The entries below contain a line with "Sandal cao gót" and a line with "2D flat 1pc". Quote exactly those two lines and all lines between them.

## Data extract
□ □ □ □ □

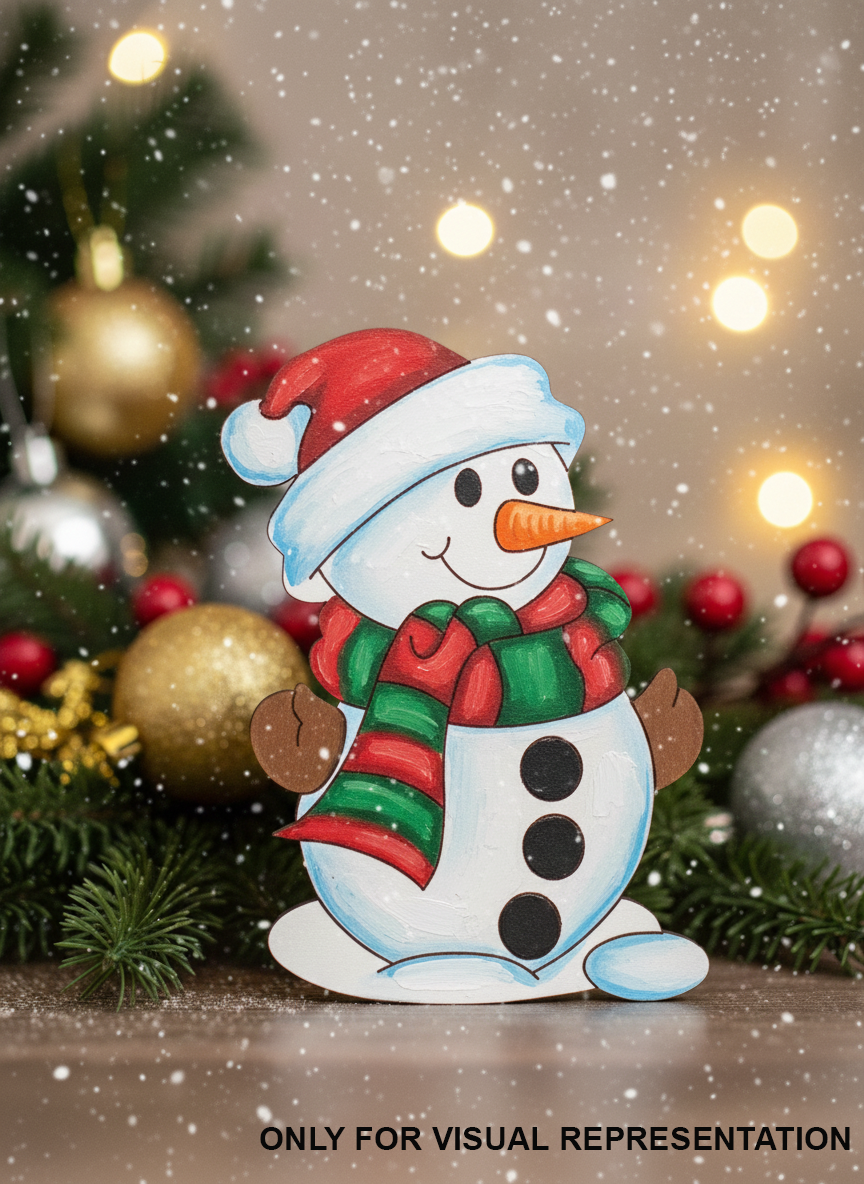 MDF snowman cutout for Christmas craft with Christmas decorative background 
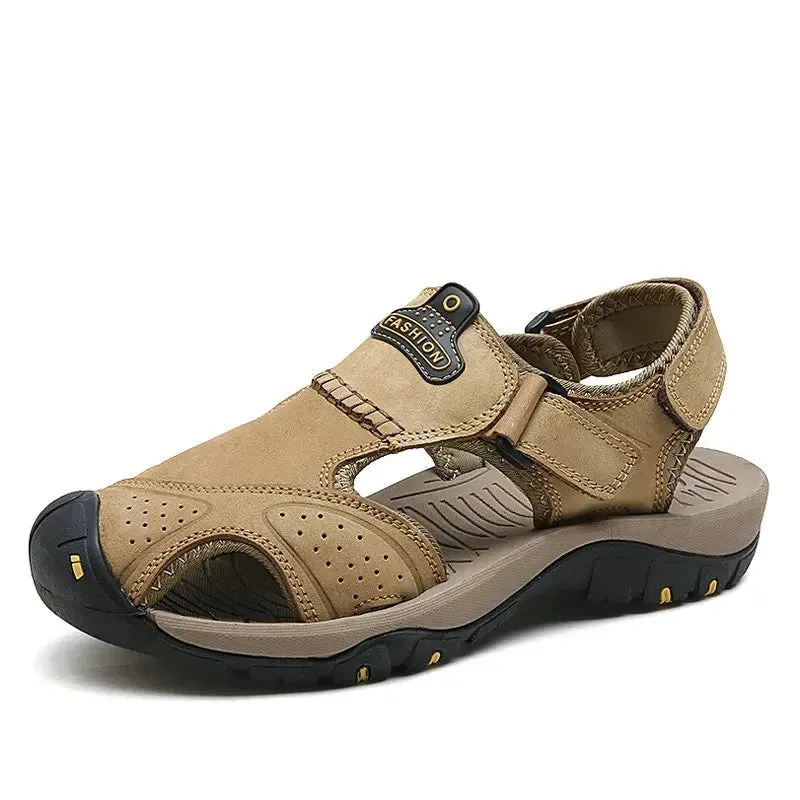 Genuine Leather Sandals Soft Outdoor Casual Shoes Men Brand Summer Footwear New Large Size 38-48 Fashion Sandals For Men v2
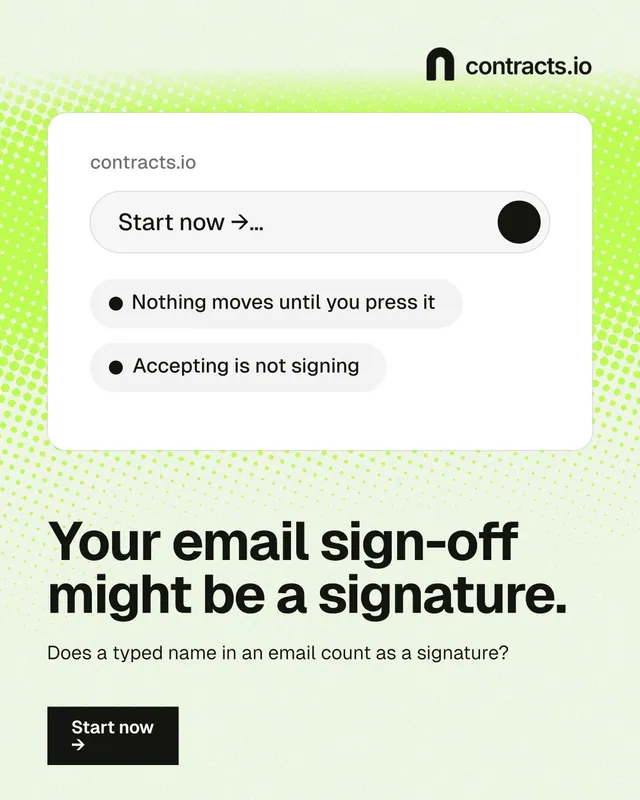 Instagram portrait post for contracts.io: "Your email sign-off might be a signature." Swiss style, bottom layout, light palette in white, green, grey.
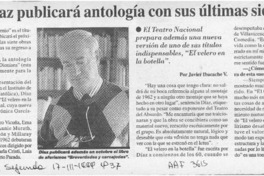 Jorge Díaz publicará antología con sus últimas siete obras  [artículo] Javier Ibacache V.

□ □ □ □ □

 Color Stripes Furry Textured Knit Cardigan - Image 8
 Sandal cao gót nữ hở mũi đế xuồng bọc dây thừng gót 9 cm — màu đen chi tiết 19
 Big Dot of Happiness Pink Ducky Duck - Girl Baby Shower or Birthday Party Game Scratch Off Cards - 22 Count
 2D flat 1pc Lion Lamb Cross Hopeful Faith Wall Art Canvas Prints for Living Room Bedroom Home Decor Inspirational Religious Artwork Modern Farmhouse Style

□ □ □ □ □

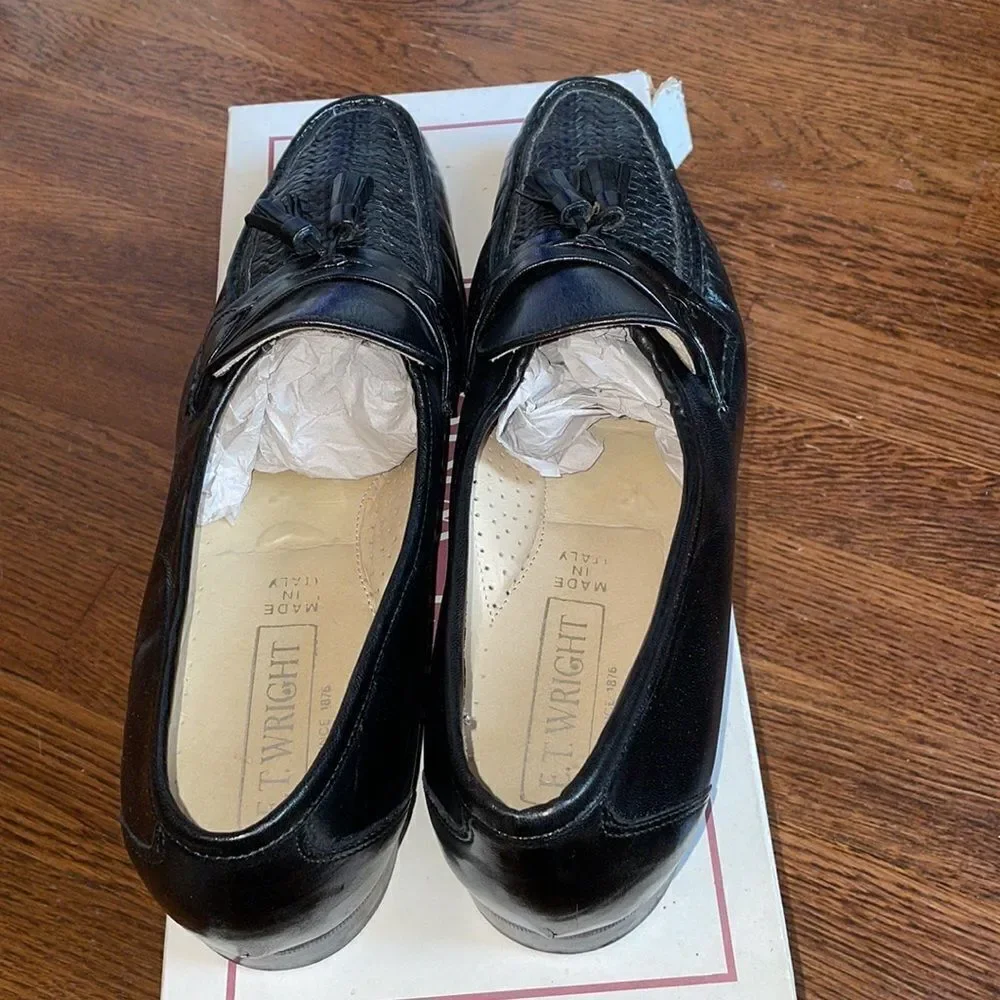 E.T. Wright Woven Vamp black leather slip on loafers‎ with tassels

□ □ □ □ □

## Solution for this problem
 Sandal cao gót nữ hở mũi đế xuồng bọc dây thừng gót 9 cm — màu đen chi tiết 19
 Big Dot of Happiness Pink Ducky Duck - Girl Baby Shower or Birthday Party Game Scratch Off Cards - 22 Count
 2D flat 1pc Lion Lamb Cross Hopeful Faith Wall Art Canvas Prints for Living Room Bedroom Home Decor Inspirational Religious Artwork Modern Farmhouse Style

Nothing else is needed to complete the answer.